Let $S $ be a subset of $\mathbb{R} $. Its Lebesgue measure is given by the Lebesgue integral

$$\int_{-\infty}^\infty \chi_S(x) dx $$

Where $\chi_S $ is the characteristic function of $S $. Since $\chi_S $ is always 0 or 1, the integral above is always, at least, 0. That is true even if we change the bounds. For example if we knew $S \subset [a, b] $ then its measure is

$$\int_{a}^b \chi_S(x) dx $$ since $\int_{-\infty}^a\chi_S(x) dx = \int_{b}^\infty \chi_S(x) dx = 0$

Therefore if $$\int_{-\infty}^\infty \chi_S(x) dx > 0$$ there exist $b > a $ such that

$$\int_{a}^b \chi_S(x) dx > 0 $$

INCORRECT STARTING FROM HERE

which is the same as saying that $S $ contains an interval $[a, b] $ where $\chi_S $ is not 0 almost everywhere.
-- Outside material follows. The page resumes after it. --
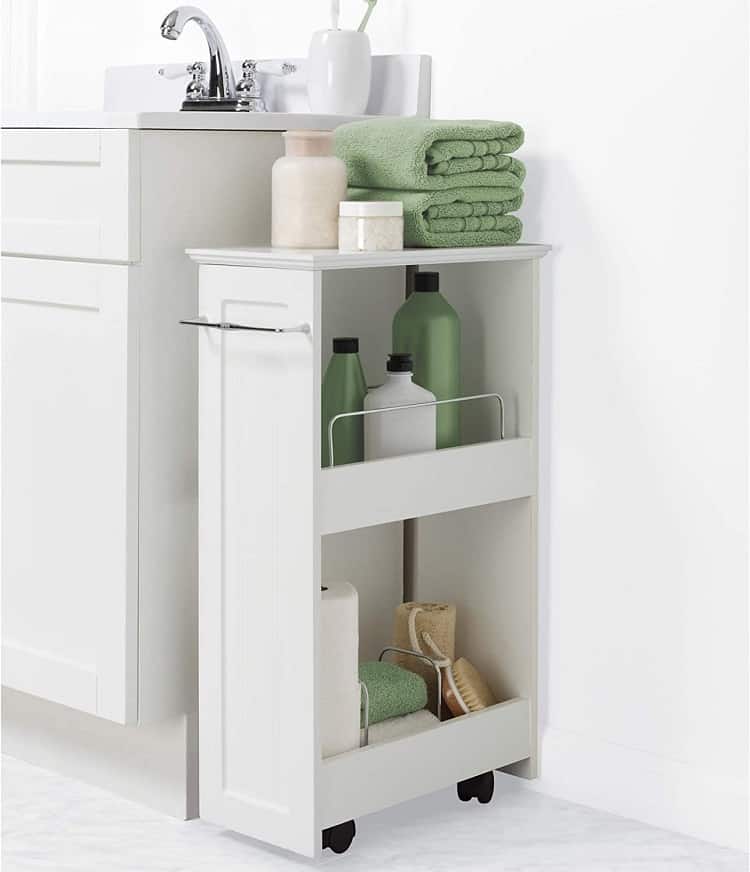 Zenna Home 9227WWBB Bathroom Storage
Which is the same as saying that $\chi_S $ is 1 almost everywhere which means $\chi_S = 1$ in $[a, b] $ for an uncountable number of points.

EXPLANATION OF THE ERROR

Saying $\chi_S $ is 1 almost everywhere in $[a, b] $ is equivalent to saying $S $ is dense in $[a, b] $ which need not be true nor sufficient for $S $ to have positive measure, as one can see from two examples: the rationals are dense in every interval and have measure 0. Cantor sets are dense nowhere and have positive measure.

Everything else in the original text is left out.